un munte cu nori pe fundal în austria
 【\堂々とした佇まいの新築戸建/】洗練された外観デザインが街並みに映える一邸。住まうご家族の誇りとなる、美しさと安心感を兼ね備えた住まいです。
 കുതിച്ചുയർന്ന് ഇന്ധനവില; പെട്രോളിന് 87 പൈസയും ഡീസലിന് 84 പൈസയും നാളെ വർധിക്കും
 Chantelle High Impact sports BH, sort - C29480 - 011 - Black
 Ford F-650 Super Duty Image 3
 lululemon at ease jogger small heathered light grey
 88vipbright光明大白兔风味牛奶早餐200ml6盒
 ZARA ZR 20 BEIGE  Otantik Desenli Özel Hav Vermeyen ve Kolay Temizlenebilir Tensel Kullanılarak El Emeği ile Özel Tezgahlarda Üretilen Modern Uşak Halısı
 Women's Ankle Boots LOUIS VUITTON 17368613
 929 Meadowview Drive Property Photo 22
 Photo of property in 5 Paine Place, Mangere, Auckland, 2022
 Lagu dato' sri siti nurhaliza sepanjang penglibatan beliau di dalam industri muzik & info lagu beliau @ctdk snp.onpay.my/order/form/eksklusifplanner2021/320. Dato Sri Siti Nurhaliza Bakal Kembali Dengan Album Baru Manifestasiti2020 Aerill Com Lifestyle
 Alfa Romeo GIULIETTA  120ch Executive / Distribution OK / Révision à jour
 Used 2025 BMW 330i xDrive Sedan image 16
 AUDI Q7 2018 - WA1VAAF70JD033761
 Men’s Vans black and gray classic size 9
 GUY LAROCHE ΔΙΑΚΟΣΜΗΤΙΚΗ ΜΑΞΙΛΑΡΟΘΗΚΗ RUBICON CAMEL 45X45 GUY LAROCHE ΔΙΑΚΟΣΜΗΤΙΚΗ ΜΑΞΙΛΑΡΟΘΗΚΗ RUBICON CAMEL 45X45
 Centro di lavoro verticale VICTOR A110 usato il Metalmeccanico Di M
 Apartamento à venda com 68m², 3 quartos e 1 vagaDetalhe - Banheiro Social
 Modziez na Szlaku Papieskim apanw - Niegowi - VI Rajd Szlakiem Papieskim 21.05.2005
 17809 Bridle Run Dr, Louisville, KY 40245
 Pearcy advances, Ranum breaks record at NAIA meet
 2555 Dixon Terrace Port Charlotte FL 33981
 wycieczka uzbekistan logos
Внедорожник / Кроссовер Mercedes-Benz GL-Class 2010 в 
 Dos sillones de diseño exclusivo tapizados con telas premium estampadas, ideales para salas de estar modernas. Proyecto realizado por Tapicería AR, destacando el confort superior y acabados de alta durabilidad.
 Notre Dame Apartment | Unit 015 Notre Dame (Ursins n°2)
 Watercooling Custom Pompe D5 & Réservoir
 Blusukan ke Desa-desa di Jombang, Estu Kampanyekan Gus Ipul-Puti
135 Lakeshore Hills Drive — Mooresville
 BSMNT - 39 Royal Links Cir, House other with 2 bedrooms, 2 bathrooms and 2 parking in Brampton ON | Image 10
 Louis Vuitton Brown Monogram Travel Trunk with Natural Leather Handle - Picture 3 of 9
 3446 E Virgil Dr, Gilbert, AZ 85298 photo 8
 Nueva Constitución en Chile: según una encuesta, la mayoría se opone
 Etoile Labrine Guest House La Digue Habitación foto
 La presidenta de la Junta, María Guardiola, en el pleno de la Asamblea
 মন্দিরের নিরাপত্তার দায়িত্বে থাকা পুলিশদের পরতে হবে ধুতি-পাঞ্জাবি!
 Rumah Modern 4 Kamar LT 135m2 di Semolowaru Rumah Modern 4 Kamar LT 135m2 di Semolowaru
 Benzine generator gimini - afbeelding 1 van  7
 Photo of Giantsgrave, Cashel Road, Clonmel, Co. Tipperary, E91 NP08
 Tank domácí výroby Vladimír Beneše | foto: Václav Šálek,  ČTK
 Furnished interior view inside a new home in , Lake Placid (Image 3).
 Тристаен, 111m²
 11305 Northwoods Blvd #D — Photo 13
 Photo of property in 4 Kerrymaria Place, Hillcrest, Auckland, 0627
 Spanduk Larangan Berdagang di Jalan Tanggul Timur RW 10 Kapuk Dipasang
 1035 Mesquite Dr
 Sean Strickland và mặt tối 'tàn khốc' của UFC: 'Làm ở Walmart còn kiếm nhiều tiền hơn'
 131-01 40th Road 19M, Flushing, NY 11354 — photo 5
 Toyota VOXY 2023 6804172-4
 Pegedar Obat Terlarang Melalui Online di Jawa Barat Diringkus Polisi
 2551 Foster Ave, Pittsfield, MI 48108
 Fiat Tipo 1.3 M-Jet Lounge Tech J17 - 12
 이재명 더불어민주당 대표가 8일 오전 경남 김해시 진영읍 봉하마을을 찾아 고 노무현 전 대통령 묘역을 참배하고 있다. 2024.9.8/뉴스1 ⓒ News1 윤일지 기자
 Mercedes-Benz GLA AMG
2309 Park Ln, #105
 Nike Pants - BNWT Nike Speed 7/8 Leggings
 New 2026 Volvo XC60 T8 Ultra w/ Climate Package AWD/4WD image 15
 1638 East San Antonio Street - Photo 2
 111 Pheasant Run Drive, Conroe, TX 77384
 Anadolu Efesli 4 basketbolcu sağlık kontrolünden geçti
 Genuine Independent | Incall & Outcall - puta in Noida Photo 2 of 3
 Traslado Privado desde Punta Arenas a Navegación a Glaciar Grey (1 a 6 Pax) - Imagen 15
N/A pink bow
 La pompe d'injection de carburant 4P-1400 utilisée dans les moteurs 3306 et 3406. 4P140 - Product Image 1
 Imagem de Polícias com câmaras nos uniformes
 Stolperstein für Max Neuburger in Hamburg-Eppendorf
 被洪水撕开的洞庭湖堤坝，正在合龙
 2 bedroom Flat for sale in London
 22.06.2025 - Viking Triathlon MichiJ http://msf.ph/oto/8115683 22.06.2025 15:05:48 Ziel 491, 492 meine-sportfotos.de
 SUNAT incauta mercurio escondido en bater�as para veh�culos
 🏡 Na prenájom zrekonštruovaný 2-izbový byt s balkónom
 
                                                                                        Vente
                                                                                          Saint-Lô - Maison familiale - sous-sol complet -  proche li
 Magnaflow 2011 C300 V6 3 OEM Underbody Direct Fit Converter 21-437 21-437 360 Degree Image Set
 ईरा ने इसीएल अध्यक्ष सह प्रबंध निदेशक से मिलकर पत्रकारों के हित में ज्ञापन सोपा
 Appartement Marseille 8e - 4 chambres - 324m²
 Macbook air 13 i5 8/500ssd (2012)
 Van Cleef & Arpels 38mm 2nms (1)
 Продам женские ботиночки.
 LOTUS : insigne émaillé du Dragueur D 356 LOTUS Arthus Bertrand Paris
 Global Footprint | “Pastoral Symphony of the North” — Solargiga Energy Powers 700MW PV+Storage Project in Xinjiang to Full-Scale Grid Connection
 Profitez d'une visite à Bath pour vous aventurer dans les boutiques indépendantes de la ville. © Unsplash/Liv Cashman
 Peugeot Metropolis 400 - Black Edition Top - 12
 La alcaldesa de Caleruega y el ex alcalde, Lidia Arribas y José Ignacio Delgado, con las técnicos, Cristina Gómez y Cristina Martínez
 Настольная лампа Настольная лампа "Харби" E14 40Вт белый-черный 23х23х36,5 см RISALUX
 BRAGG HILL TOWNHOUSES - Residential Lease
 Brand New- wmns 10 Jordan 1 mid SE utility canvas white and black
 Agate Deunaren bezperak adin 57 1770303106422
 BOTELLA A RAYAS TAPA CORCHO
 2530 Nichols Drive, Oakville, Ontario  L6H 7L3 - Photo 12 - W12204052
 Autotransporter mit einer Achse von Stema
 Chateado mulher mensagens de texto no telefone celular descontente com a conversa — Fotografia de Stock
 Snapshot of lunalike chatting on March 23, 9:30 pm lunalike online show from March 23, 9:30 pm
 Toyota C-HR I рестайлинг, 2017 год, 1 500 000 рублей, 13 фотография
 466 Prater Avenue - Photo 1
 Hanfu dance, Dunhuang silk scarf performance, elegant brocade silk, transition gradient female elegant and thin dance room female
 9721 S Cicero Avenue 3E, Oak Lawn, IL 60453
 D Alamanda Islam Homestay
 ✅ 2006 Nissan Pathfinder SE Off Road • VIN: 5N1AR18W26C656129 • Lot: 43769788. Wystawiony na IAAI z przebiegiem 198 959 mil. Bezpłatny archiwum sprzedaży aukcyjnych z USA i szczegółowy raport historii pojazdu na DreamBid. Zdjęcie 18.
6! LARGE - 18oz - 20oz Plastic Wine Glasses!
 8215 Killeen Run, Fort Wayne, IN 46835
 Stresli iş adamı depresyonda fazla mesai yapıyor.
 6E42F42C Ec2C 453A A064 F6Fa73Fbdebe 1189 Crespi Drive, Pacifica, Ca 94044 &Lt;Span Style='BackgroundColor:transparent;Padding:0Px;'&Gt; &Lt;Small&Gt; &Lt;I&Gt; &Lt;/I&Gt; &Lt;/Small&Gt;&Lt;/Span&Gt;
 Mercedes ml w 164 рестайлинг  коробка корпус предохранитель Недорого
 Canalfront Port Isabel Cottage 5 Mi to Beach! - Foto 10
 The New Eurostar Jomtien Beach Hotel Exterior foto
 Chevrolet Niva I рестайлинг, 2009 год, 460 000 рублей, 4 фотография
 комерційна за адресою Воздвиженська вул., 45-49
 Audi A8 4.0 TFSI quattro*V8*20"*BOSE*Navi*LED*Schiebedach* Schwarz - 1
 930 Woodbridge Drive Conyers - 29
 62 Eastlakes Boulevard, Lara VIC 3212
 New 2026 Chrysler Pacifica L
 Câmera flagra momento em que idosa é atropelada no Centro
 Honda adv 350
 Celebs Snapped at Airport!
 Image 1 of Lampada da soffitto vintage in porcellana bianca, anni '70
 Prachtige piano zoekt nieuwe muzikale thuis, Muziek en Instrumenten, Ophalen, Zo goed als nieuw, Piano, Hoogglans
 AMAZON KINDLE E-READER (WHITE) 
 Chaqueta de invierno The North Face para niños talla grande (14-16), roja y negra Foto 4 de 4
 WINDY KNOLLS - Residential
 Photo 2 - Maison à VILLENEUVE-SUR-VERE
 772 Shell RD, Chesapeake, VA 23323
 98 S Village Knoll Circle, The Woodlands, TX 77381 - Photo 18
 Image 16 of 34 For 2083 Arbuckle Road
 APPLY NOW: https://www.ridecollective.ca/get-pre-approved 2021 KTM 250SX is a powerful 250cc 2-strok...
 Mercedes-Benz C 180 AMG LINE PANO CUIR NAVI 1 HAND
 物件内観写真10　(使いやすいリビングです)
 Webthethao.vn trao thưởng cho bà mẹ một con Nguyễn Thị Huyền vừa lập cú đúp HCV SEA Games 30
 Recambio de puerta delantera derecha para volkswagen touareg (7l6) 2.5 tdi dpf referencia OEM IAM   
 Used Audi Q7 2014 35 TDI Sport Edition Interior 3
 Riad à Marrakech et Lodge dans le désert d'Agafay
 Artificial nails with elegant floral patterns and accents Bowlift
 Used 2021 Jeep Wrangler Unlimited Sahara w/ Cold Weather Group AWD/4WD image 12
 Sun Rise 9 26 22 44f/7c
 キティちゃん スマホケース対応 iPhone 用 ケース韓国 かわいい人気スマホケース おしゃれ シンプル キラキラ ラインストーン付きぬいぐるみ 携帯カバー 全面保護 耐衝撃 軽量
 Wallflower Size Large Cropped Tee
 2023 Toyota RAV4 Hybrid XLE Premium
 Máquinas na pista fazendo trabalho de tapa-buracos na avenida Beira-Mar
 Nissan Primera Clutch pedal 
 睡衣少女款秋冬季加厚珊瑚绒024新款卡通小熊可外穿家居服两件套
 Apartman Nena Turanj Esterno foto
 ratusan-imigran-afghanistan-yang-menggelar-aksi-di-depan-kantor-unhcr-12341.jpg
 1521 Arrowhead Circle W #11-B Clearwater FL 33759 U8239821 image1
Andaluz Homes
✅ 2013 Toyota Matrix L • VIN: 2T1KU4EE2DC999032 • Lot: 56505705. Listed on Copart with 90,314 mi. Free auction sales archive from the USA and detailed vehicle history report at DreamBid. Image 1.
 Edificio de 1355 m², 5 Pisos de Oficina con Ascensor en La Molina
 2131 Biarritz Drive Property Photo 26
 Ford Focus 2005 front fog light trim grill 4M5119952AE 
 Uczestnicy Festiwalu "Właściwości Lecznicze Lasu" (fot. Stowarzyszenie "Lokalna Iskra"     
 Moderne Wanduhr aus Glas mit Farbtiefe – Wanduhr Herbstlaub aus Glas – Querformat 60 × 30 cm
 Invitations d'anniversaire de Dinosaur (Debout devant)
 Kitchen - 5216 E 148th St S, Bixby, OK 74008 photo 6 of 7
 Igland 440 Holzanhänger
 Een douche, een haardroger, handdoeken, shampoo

• **Task to carry out**
A complete answer reproduces every line of the records in which the word "para" occurs.

• **Exercise result**
 Dos sillones de diseño exclusivo tapizados con telas premium estampadas, ideales para salas de estar modernas. Proyecto realizado por Tapicería AR, destacando el confort superior y acabados de alta durabilidad.
 SUNAT incauta mercurio escondido en bater�as para veh�culos
 Chaqueta de invierno The North Face para niños talla grande (14-16), roja y negra Foto 4 de 4
 Recambio de puerta delantera derecha para volkswagen touareg (7l6) 2.5 tdi dpf referencia OEM IAM   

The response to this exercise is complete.